Will I be able to satisfy my partner when I have sex?

Last updated on August 24, 2020

Question:

If I do plan to have sex — I don’t plan on doing that for a while, but I don’t know why I am asking this, but — will I be able to satisfy my partner?

Answer:

There are aspects of your question that I find very sad. It is not the question of curiosity or concern whether you will do well at sex. It is the underlying assumption that your first time at sex will be with someone to whom you are not married. For some reason you feel that if I knew you planned to wait until you were older that this would somehow make it better.

Sex is something God has given to married couples. “Marriage is honorable among all, and the bed undefiled; but fornicators and adulterers God will judge” (Hebrews 13:4). The Greek word koite, literally refers to the act of sexual intercourse. We get our English word “coitus” from this Greek term. In marriage, there is nothing wrong with a husband having sexual intercourse with his wife. In fact, in marriage, it is considered pure. In contrast, outside of a marriage covenant, sex with someone to whom you are not married (fornication) or sex with someone who is married to someone else (adultery) are things God will judge. “Do you not know that the unrighteous will not inherit the kingdom of God? Do not be deceived. Neither fornicators, nor idolaters, nor adulterers, nor homosexuals, nor sodomites, nor thieves, nor covetous, nor drunkards, nor revilers, nor extortioners will inherit the kingdom of God” (I Corinthians 6:9-10).

Our society has bought the lies of Satan and twisted the design of God all around. People have come to accept the false notion that sex comes first and then a pretense of marriage by living together and then, just maybe, marriage sometime later. It ought not to be this way. So much misery could be avoided if people would just listen to their Maker. I’ve known too many guys who think they can’t marry a woman until they try her out. Yet it is those same guys who aren’t married because they are more interested in the sex than a commitment. The saddest case was the guy who had a hard time remembering the names of the girls with whom he had intercourse. He could describe the circumstance, but he barely knew the girl because he had sex with them shortly after he met them and then soon lost interest. This isn’t love! It is using women as objects.

When you buy into the falsehoods and start thinking that it is “normal,” it is bound to happen eventually. All that is missing is an opportunity. “Woe to those who devise iniquity, and work out evil on their beds! At morning light they practice it, because it is in the power of their hand” (Micah 2:1).

So let’s re-frame your question is a proper way, “Will I be able to satisfy my future wife when we have sex?”

Sexual satisfaction isn’t about how big is your equipment. People have this tendency to assume that bigger is always better. There was a newspaper article last year that pointed out that bigger firetrucks aren’t better in a city that already has narrow streets. Not too long ago we learned that bigger cars aren’t necessarily better when gas prices double. Bigger schools don’t necessarily mean a better education — typically it means a worse one. People come in all sorts of sizes and yet men and women are able to marry and have great sex without any needing to check penis and vagina sizes. How is that?

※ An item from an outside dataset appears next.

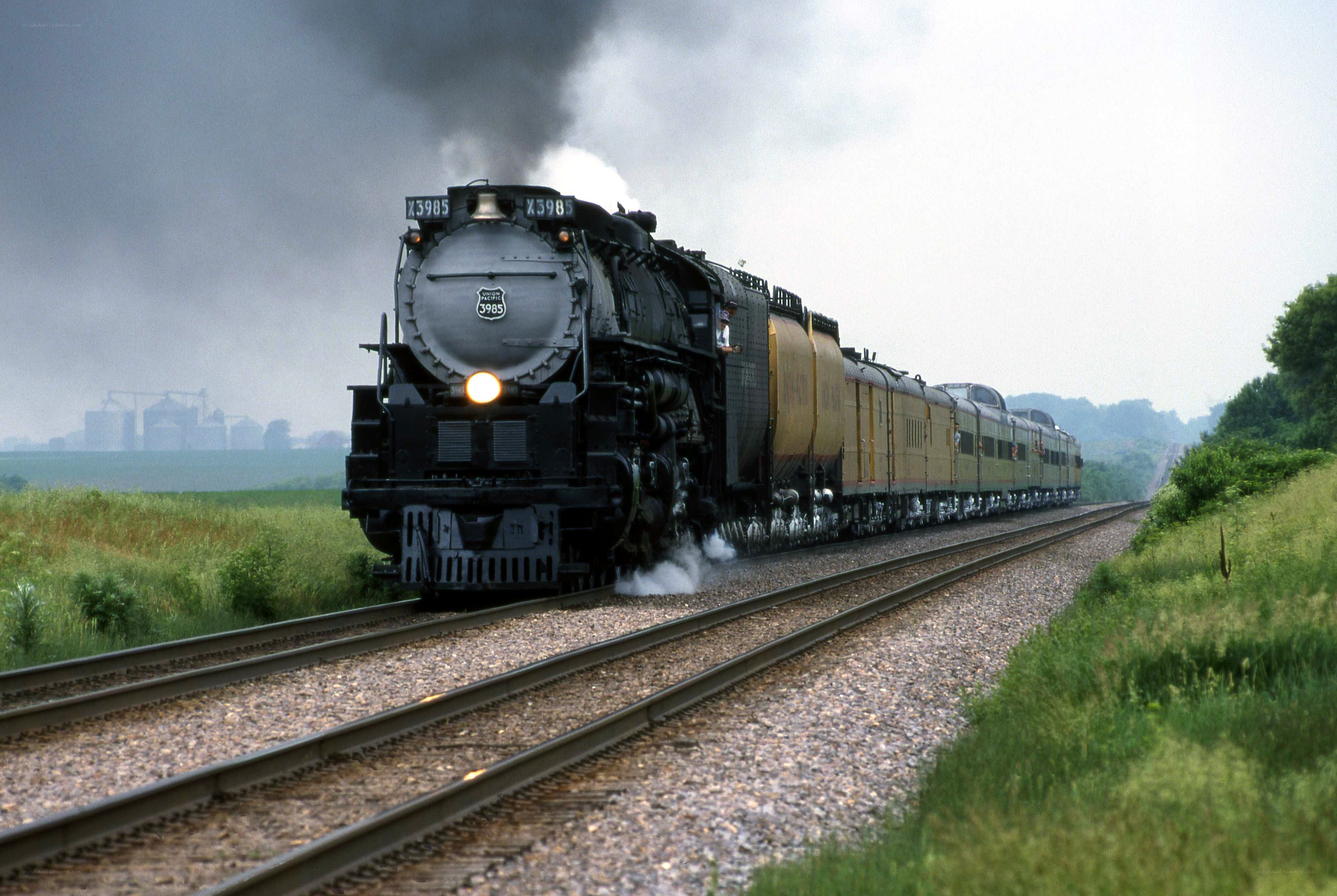 Steam train in rural landscape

A woman’s vagina is much like a man’s penis. It has a typical flaccid state and a sexually aroused state. In its normal state, it is about 3 to 4 inches long and about a half to one inch in circumference. So if you think just a moment you will realize that is smaller than most men’s penises, which typically range from 3 to 8 inches long (the average being just over five inches) and a circumference of 4 to 6 inches (the average being 4.6 inches). It is only the outer third of a woman’s vagina that has the majority of nerve endings that bring sexual pleasure, in other words it is only the first inch or so that matters to woman. On top of this, women find a penis bumping up against their cervix at the far end of their vagina to be painful. In other words, even a man with a penis far smaller than average is fully capable of giving a woman sexual pleasure. It is far more important how you engage in sex to give sexual satisfaction to your wife.

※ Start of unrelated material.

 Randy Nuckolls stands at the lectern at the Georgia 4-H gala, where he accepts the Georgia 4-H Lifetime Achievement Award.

You might wonder how a guy’s penis ever fits if a woman’s vagina is so much smaller than a man’s penis. It is simple really; the vagina contains a lot of folds which allows it to stretch to accommodate any penis size. It does mean that sex is uncomfortable the first few times for a woman as her body stretches to fit her husband’s penis. The bigger the penis, the more stretching and discomfort she is going to experience at first. After a while, however, the wife’s body begins to anticipate the size needed during sexual arousal and her vagina stretches and lengthens internally, matching the size of her husband’s penis.

The vagina can adapt to a wide range of sizes, after all it is through this same vagina that a baby will eventually come. The average baby’s head is about 12.5 to 15 inches in circumference! And yet afterwards the vagina will shrink back down to its normal size.

What this all means is that a married man doesn’t have to worry about whether he is big enough to satisfy his wife. Within a month of having regular sex his wife’s body will have adjusted to his particular size automatically. He ought to be more concerned about how he goes about having sex with his wife so that she always finds it an enjoyable experience. But bigger doesn’t make sex better.